▸ **Records provided**:

######

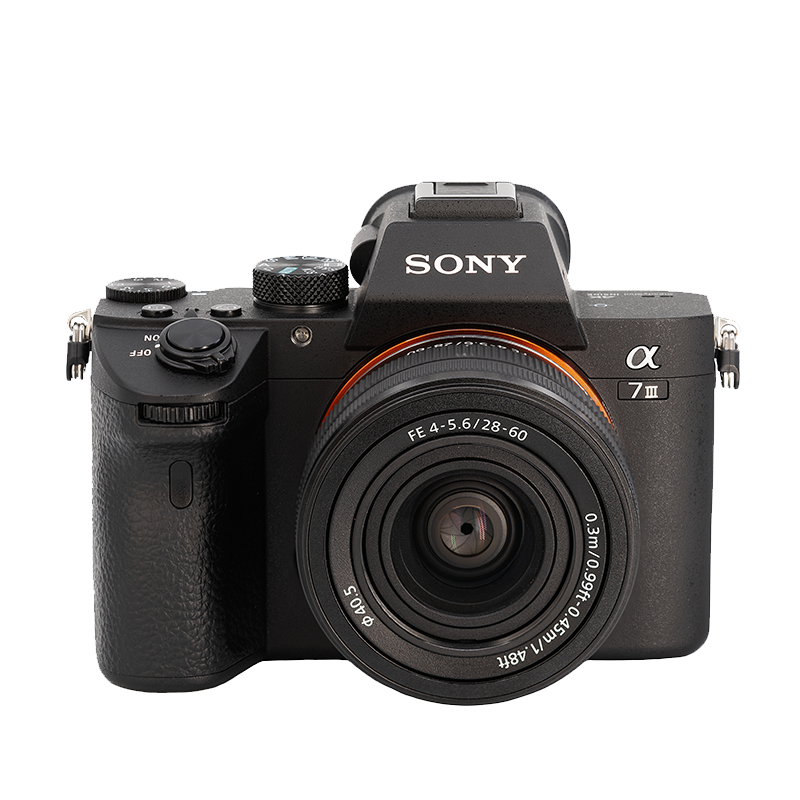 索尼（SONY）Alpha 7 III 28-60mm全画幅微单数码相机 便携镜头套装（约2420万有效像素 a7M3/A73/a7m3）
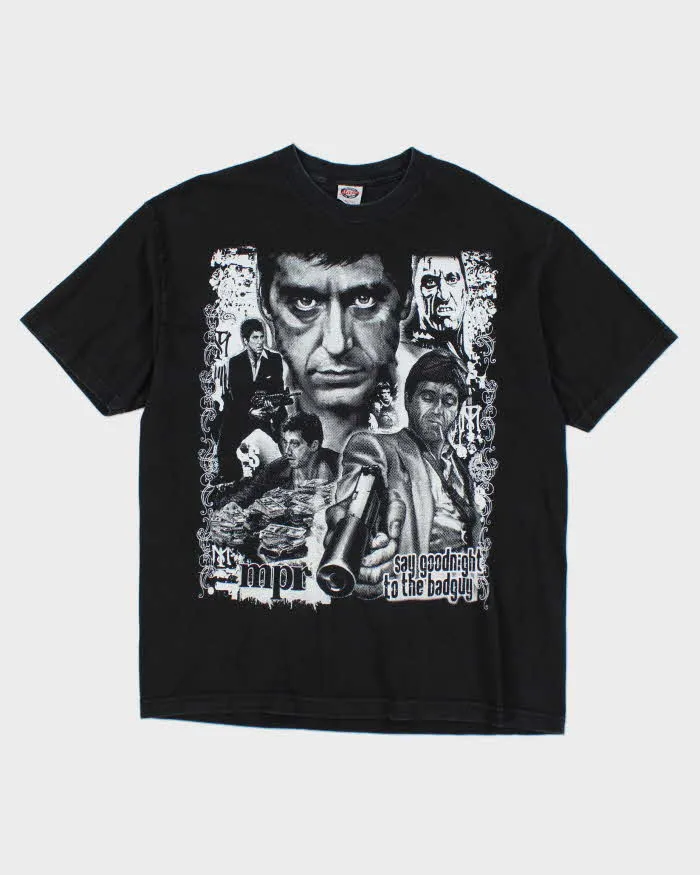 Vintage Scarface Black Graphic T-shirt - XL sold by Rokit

######

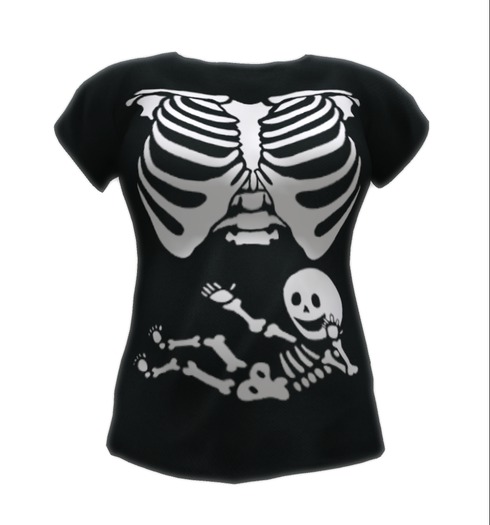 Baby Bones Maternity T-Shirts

######

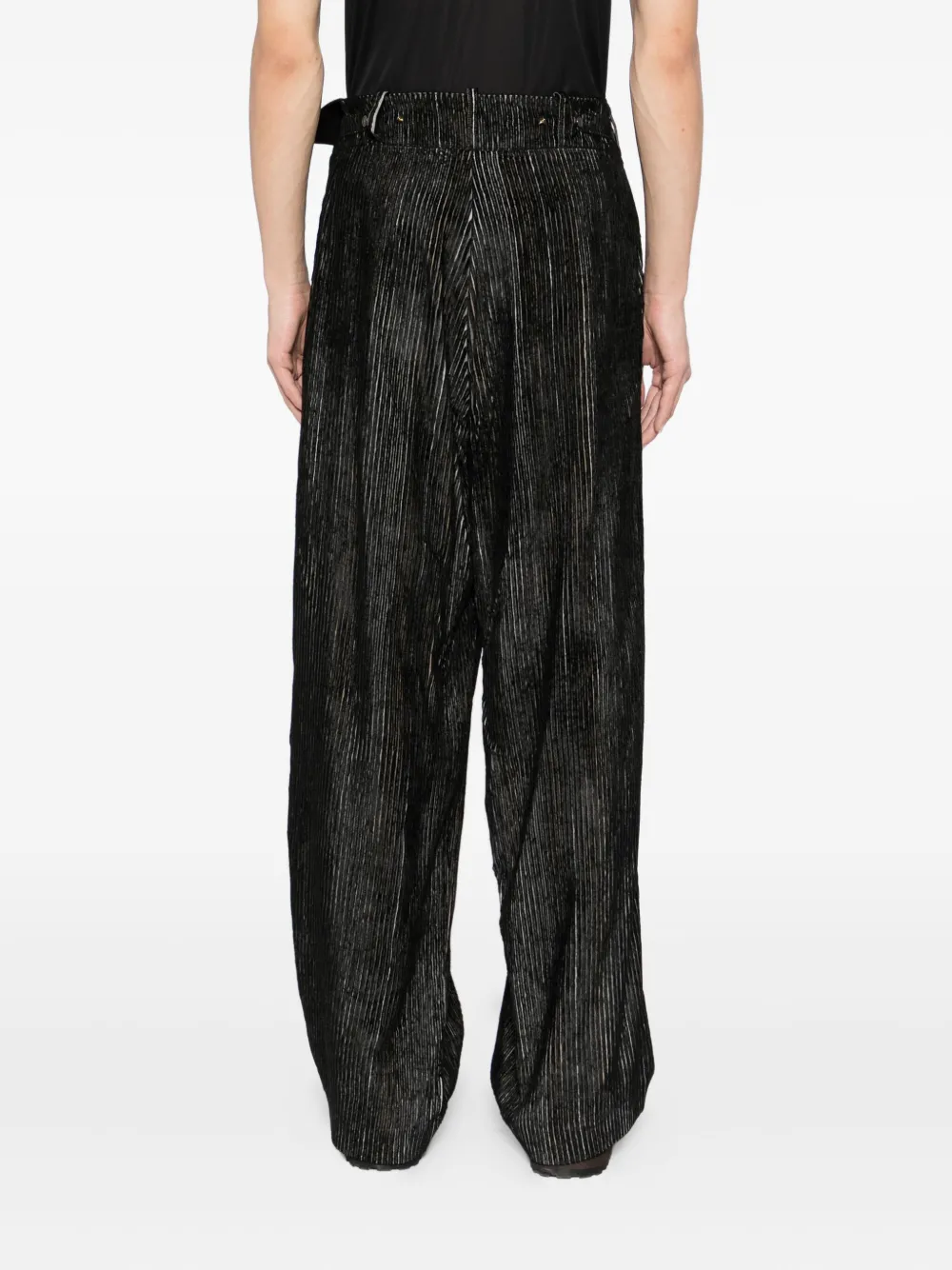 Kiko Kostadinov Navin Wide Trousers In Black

######

▸ **What the exercise asks**:
In the entries above, find the line with "索尼（SONY）Alpha 7 III" and the line with "Vintage Scarface Black". Return exactly those lines and all the ones between them, pictures excluded.

▸ **Your response**:
 索尼（SONY）Alpha 7 III 28-60mm全画幅微单数码相机 便携镜头套装（约2420万有效像素 a7M3/A73/a7m3）
 Vintage Scarface Black Graphic T-shirt - XL sold by Rokit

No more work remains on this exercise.